[Short text fragments from websites]
::::::::

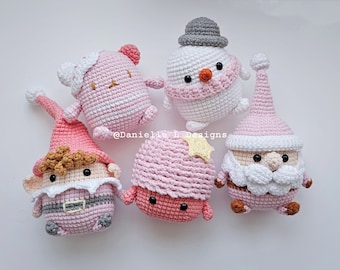 5 in 1 Christmas Ornaments Amigurumi Crochet Pattern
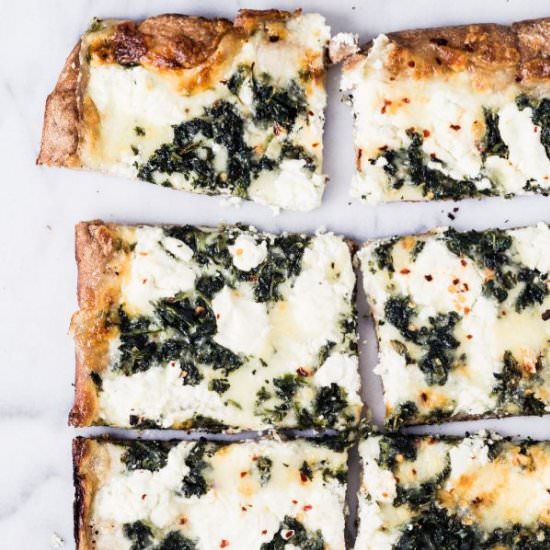 Goat Cheese Spinach Pizza - Recipe photo by EatGood4Life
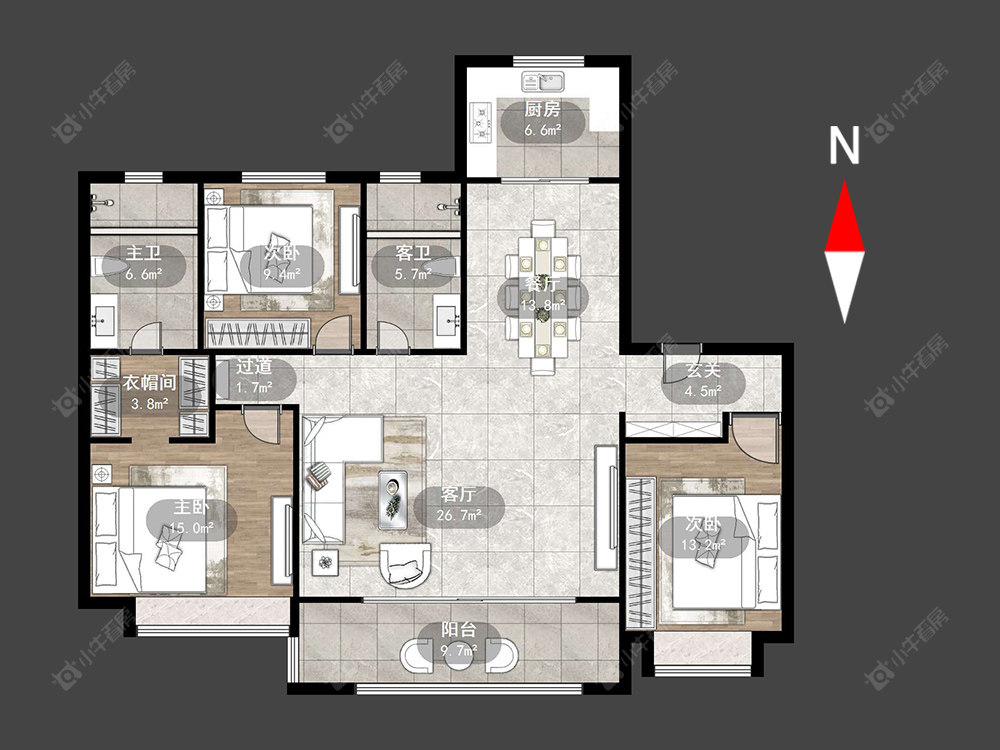 常州春秋金茂府在售二手房源户型图_小牛看房
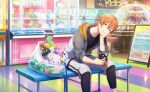  1boy arcade black_shirt colorful_palette crane_game earrings feet_out_of_frame hair_between_eyes hand_on_own_cheek hand_on_own_face head_rest highres hood hooded_jacket indoors jacket jewelry leaning_forward legs_apart looking_at_viewer multicolored_hair official_art on_bench orange_hair parted_lips project_sekai pusher_game shinonome_akito shirt short_hair sitting sleeves_pushed_up solo streaked_hair stud_earrings stuffed_animal stuffed_dinosaur stuffed_penguin stuffed_toy yellow_eyes 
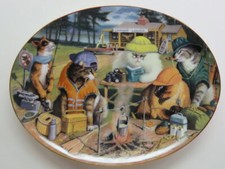 Porcelain China Oval Plate: Catnip Lodge Cat Camp by Bryan Moore ~ Franklin Mint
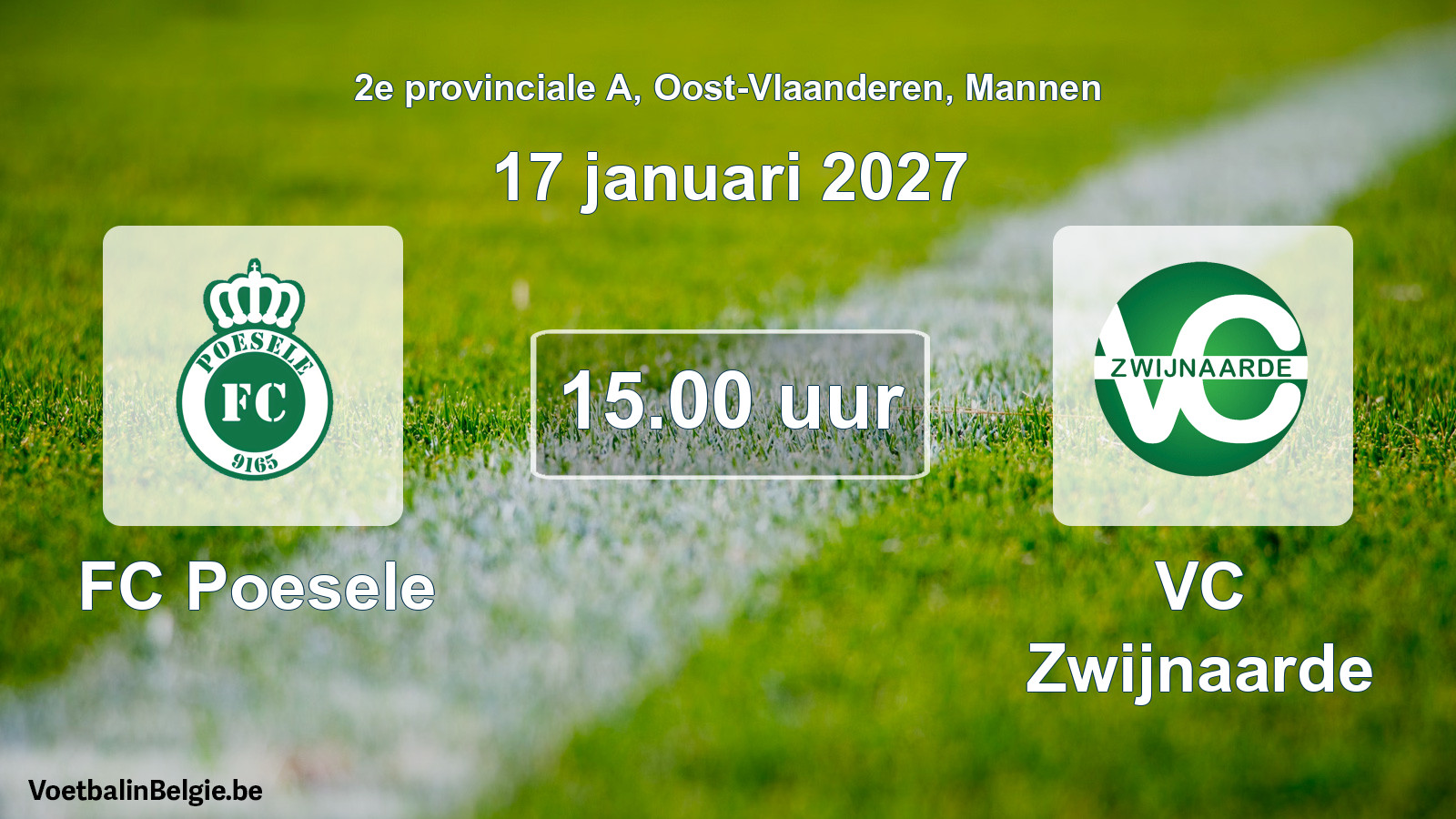 Geplande wedstrijd mannenvoetbal: FC Poesele - VC Zwijnaarde (17 januari 2027)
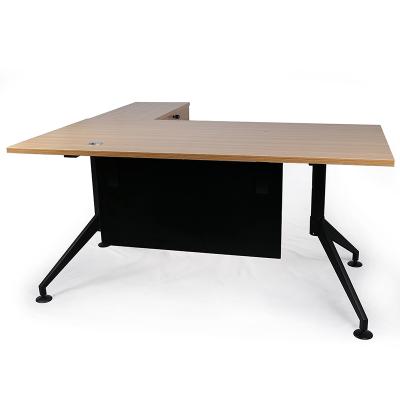 China Movable In Running Table Steel Modern Wood Panel Design L Shaped Base Executive Office for sale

::::::::

Set down all the entries exactly as they appear, but skip any pictures.

 5 in 1 Christmas Ornaments Amigurumi Crochet Pattern
 Goat Cheese Spinach Pizza - Recipe photo by EatGood4Life
 常州春秋金茂府在售二手房源户型图_小牛看房
  1boy arcade black_shirt colorful_palette crane_game earrings feet_out_of_frame hair_between_eyes hand_on_own_cheek hand_on_own_face head_rest highres hood hooded_jacket indoors jacket jewelry leaning_forward legs_apart looking_at_viewer multicolored_hair official_art on_bench orange_hair parted_lips project_sekai pusher_game shinonome_akito shirt short_hair sitting sleeves_pushed_up solo streaked_hair stud_earrings stuffed_animal stuffed_dinosaur stuffed_penguin stuffed_toy yellow_eyes 
 Porcelain China Oval Plate: Catnip Lodge Cat Camp by Bryan Moore ~ Franklin Mint
 Geplande wedstrijd mannenvoetbal: FC Poesele - VC Zwijnaarde (17 januari 2027)
 China Movable In Running Table Steel Modern Wood Panel Design L Shaped Base Executive Office for sale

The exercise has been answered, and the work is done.